Non si sa se il ragazzo abbia calcolato le alzatacce all’alba, considerata l’abitudine di svegliarsi alle 13, «ma nonostante questo non si lamenta una sola volta della sveglia» racconta a cose fatte Isabella. «Qui mi rendo conto che camminare è un pensatoio» è la prima cosa che le ha detto lui al ritorno. «Ed è questa, a detta di tutti i ragazzi che la provano, la vera scoperta». Non la natura, non le città visitate, non la diversità incontrata, «ma lo scoprire che tutti quelli che camminano attorno a noi hanno dei problemi personali con i quali devono fare i conti. Sono gli incontri a colpirlo. E non ci mette poco il ragazzo, intelligente e pieno di talenti, a farne tesoro in poche settimane».
L’entusiasmo del ritorno ripaga tutti di ogni sforzo. Anche l’accompagnatore, Fabrizio, un sessantottenne mestrino che mette in pausa la sua vita per tre mesi, con la voglia di regalare a un ragazzo sconosciuto una seconda chance. «Questo signore supera se stesso: positivo, generoso, capace di mettersi in discussione» ne è convinta l’esperta, che lo seleziona assieme ai colleghi anche per la sua esperienza personale con il cammino e gli adolescenti problematici.
Un trascorso che non lo rende immune, nei quasi 90 giorni di camminata, dagli scontri con il ragazzo difficile. Un nonno acquisito che il neo nipote non esita a definire «spina nel fianco». «Quando l’accompagnatore accetta la sfida è consapevole di dover mettere in discussione se stesso, di rischiare del suo – ricorda Zuliani – perché un cammino così lungo mette alla prova non solo nella relazione con il ragazzo».
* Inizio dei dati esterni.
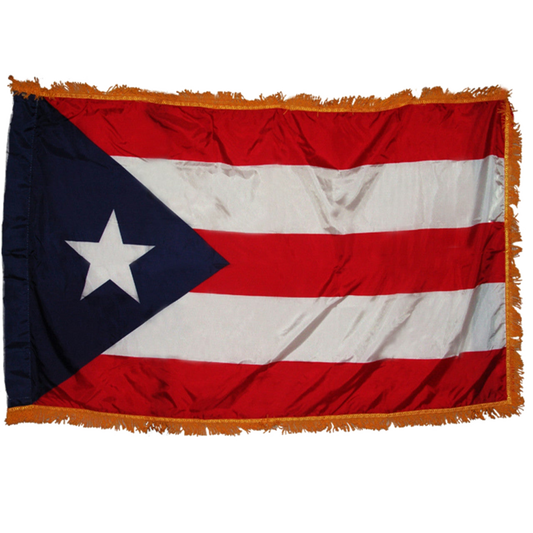 Puerto Rican flag with a blue triangle, white star, and red and white horizontal stripes with yellow fringe edges on a white background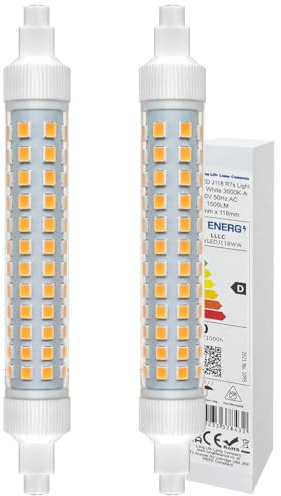 Long Life Lamp Company R7S 118mm LED J118 Light Bulb Replacement 10w 3000k Warm White for Flood Lights - Pack of 2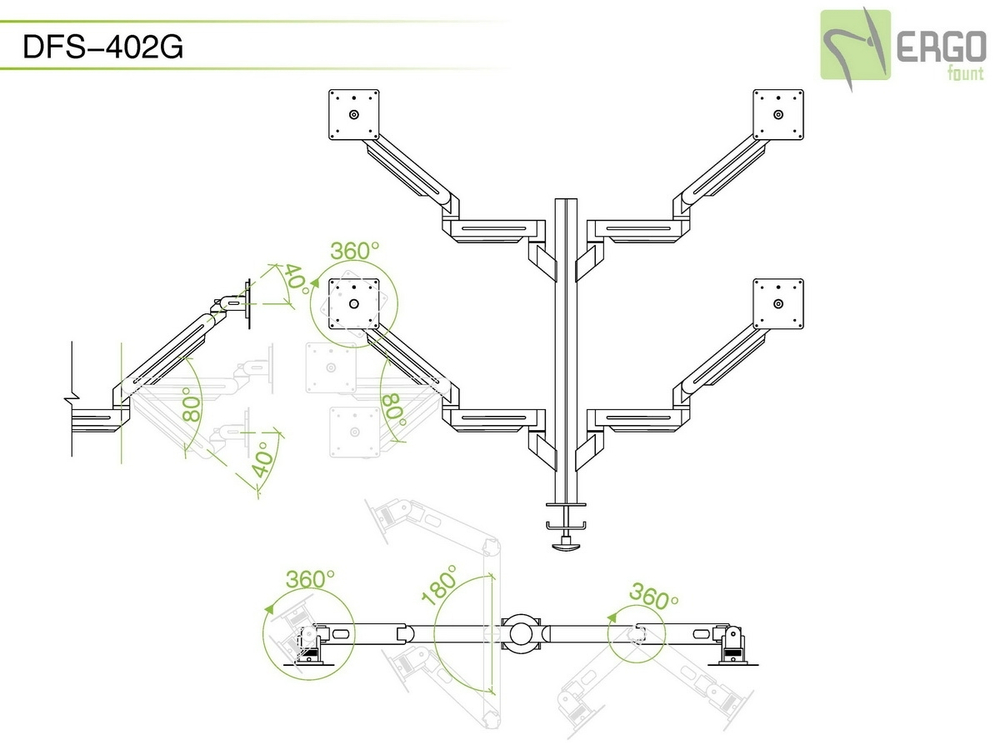 ErgoFount DFS-402G Настольное крепление для 4 мониторов диагональю до 24'' конфигурации 2х2 на шарнирных двухколенных вылетах со струбциной к столу типа "G". Цвет - серебристый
È qui che l”angelo custode” testa la propria pazienza, impara a non reagire immediatamente alle provocazioni, a incassare, a prendere tempo, «anche a capire quando tornare e quando saper aspettare il momento giusto. Una testimonianza magnifica, anche quando mette il giovane all’angolo e gli chiede conto di aver trasgredito le regole del patto. Una spina del fianco, sì, ma una spina buona».